Writing Effective Descriptions

Why descriptions matter

Your skill description is the single most important piece of text in your entire skill. It carries the entire burden of triggering — at session start, the agent loads only the name and description of each skill (~50-100 tokens). If the description doesn’t match the user’s query, the skill never activates and none of your carefully written instructions matter. The agent skills spec defines a hard limit of 1024 characters for descriptions. That’s your budget for convincing every compatible agent to activate your skill at the right time.

The anatomy of a good description

A good description has three parts:

What it does — imperative phrasing, not passive
When to use it — explicit trigger contexts
Trigger keywords — the words users actually say

# All three parts:
description: >
  Create PowerPoint presentations and slide decks from structured data,
  outlines, or descriptions. USE WHEN presentation, slides, deck, pptx,
  pitch deck, board deck, keynote export.

Use imperative phrasing

The spec recommends “Use this skill when…” not “This skill does…” — imperative phrasing gives the agent a clearer activation signal.

# Passive (weaker trigger):
description: This skill processes CSV files and generates reports.

# Imperative (stronger trigger):
description: >
  Analyze CSV and tabular data — compute statistics, add derived columns,
  generate charts, and clean messy data.

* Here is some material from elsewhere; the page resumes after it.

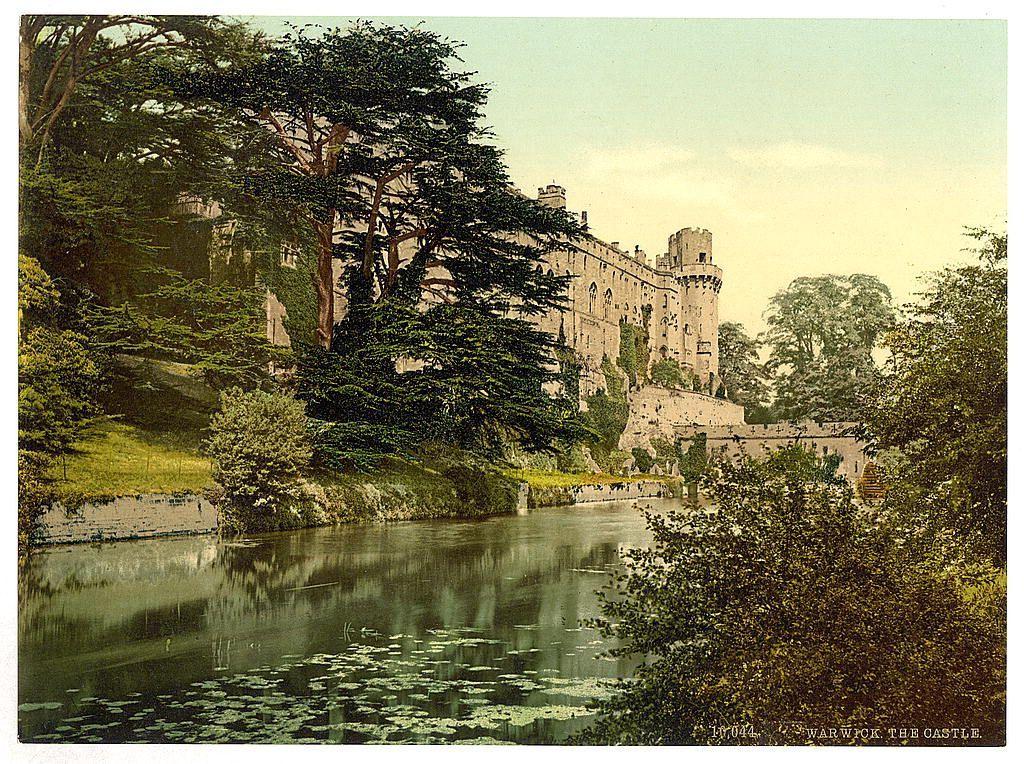 The image depicts a historic castle situated beside the River Avon in Warwick, England. The photograph is aged and has a sepia tone typical of early 20th-century printmaking processes known as photochroms. It features an impressive medieval stone structure with fortified towers and battlements along its walls. Surrounding trees frame the building, suggesting that it may be situated on elevated ground or within a park-like setting. The river is calm, reflecting parts of the castle's façade and vegetation from surrounding greenery. In terms of historical context, Warwick Castle has been occupied since Roman times; however, much of its current structure dates to medieval periods when such castles served as both residences for nobility and fortifications against invaders. This particular image likely originates around 1890-1900 based on the caption "Warwick The Castle."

Use when the user has a CSV, TSV,
  or Excel file and wants to explore, transform, or visualize it.

Focus on user intent, not implementation

Users don’t say “execute web security assessment using OWASP methodology.” They say “check if my site is vulnerable.”

# Implementation-focused (misses real queries):
description: >
  Execute comprehensive web application security assessment using
  OWASP Top 10 methodology with automated scanning and manual verification.

# Intent-focused (matches how people talk):
description: >
  Test web applications for security vulnerabilities — SQL injection, XSS,
  authentication bypass, and OWASP Top 10 issues. Use when checking if a
  site is secure, running a pentest, or auditing web app security.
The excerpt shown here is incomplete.